Por otro lado, el incremento de la supervisión en todos los mercados no tiene un significado claro y concreto. La cuestión es qué piensan supervisar las autoridades, un dato del que nada ha trascendido. La supervisión, en todo caso, debería dirigirse a evitar prácticas financieras intrínsecamente inestables, nocivas y fraudulentas (sobre todo, la extendida estrategia bancaria de "endeudarse a corto plazo e invertir a largo"), pero no para juzgar la conveniencia de determinadas inversiones privadas.

Suena poco más que a broma que los mismos actores (Gobiernos y bancos centrales) que han fracasado estrepitosamente a la hora de evitar que los bancos –que caían bajo su directa supervisión– se autoinmolaran en la orgía de expansión crediticia que estos mismos actores crearon, nos digan ahora que la solución para evitar que esto se reproduzca es que fiscalicen un mayor número de actividades privadas. Si fueron incapaces de realizar correctamente su trabajo cuando su campo de control era más reducido, ¿cómo pueden esperar tener éxito al extenderlo?
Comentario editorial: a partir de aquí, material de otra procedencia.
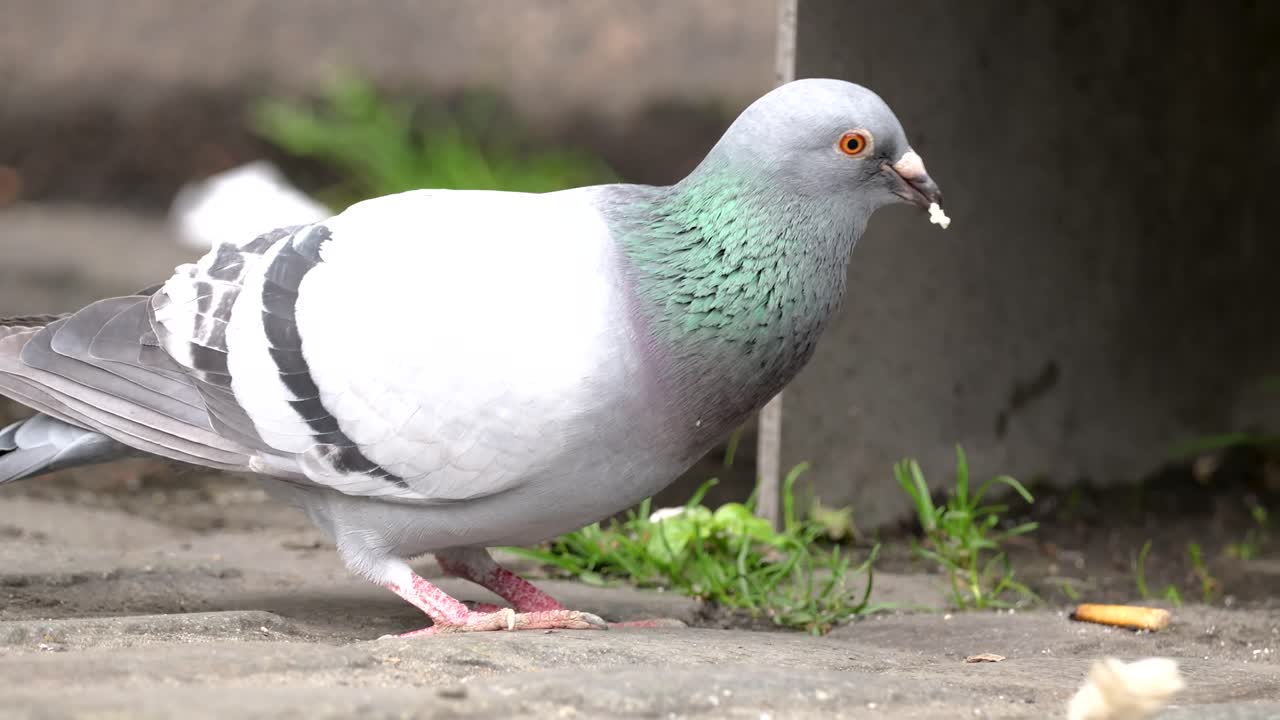 Rock pigeon eating bread on a city street in Antwerp during autumn while the wind blows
Y es que, al final, la cumbre ha fracasado porque los pastores que se reunían eran los mismos lobos que causaron la masacre actual. Se han negado a reconocer (por maldad o ignorancia) su enorme responsabilidad (a través de regulaciones directas en los mercados financieros pero, especialmente, mediante las expansiones crediticias promovidas por los bancos centrales) y, por consiguiente, poco o nada cabe esperar –salvo para lo malo– de sus propuestas.

Todos los asistentes –paradigmáticamente Zapatero– acudieron a Washington con la intención de legitimar su pobre y ruinosa actuación ante sus electorados nacionales. El resultado ha sido un pobre documento que abre la puerta a que esa renovada legitimidad se utilice para cercenar las pocas libertades económicas que nos quedaban. Todo en nombre de nuestro bienestar.